Never Ending Activism
Martha Sullivan. Activist. Lately we’ve been seeing a lot of her as an organizer for the protest movement over SeaWorld’s treatment of Orcas. But her activism runs much deeper. She’s helped with everything from anti-war protests to Coalition To Decommission San Onofre to Occupy San Diego and beyond. We are blessed to have her in San Diego.
Winning Despite the Odds
Sarah Saez. Policy and Program Director with United Taxi Workers of San Diego, She started out as a volunteer in 2011, helping out with open house type meetings held to convince an impossibly diverse group of people near the bottom of the economic ladder to join together and better their lives. Seats at the table of of the Metropolitan Transit System’s influential Taxicab Advisory Committee was followed by recognition (even though they are not technically a union) as an affiliate of the San Diego and Imperial Counties Labor Council. And this fall they won a crucial battle when the City Council, getting a cap lifted on the number of permits issued for San Diego.
A Rising Star
Gretchen Newsom.
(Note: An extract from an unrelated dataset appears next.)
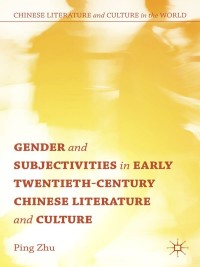 Omslagafbeelding: Gender and Subjectivities in Early Twentieth-Century Chinese Literature and Culture 9781137516893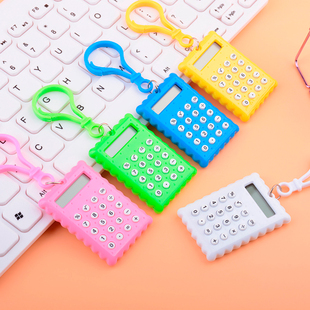 迷你计算器挂件小学生礼品初中高小奖品习学文具钥匙扣饼干计算机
President of the OB Town Council. And Political Director for International Brotherhood of Electrical Workers (IBEW) Local 569. And active with Run Women Run. And active in the Point Loma Democratic Club. Considering she’s lived in San Diego for less than four years, Newsome has accomplished much. She puts the “active” in activist; if it’s happening in San Diego, she’s there. Frank Gormlie did a terrific profile of her last year in the OB Rag.
The Coalition Builder
Andrea Guerrero. Executive Director of Alliance San Diego. Going back to her days as co-chair of Students for Educational Opportunity and co-author of the Equal Educational Opportunity Initiative, Andrea has been a coalition builder. Alliance San Diego does basic development and organizing in four areas: Human Rights, Educational Equity, Inclusive Democracy and Tax Reform. Their work on behalf of the Southern Border Communities Coalition Delegation, the San Diego Immigrant Rights Consortium impacts people throughout the region. Last fall the Alliance was in the news after the Metropolitan Transit System refused to allow the group to purchase ads for their get out the vote drive.
Psst. Don’t Tell Her
Anna Daniels. Editor, San Diego Free Press. Her community activism, seemingly limitless trove of local history, patience and extreme editing diligence are the glue that holds this project together. She’s the one who works with new writers, soothes troubled egos and crafts the compromises around here. Oh, and she’s got a wicked sense of humor. Unbeknownst to her, other members of the editorial board insisted she be included on this list and I heartily endorsed the notion.
See You Friday
Have a Merry Christmas, Happy Holiday, Happy Hanukkah, Habari Gani (Kwanzaa) and may all your grievances be aired at the Festivus Pole.
I’ll be taking Christmas off and will return on Friday with a list of organizations we feel are doing good work in San Diego.
On This Day: 1865 – Several veterans of the Confederate Army formed a private social club in Pulaski, TN, called the Ku Klux Klan. 1913– Seventy-two copper miners’ children die in panic caused by a company stooge at Calumet, Mich., who shouted “fire” up the stairs into a crowded hall where the children had gathered. They were crushed against closed doors when they tried to flee. 1920 – Enrico Caruso gave his last public performance, when he sang in Jacques Halevy’s “La Juive” at the Metropolitan Opera in New York.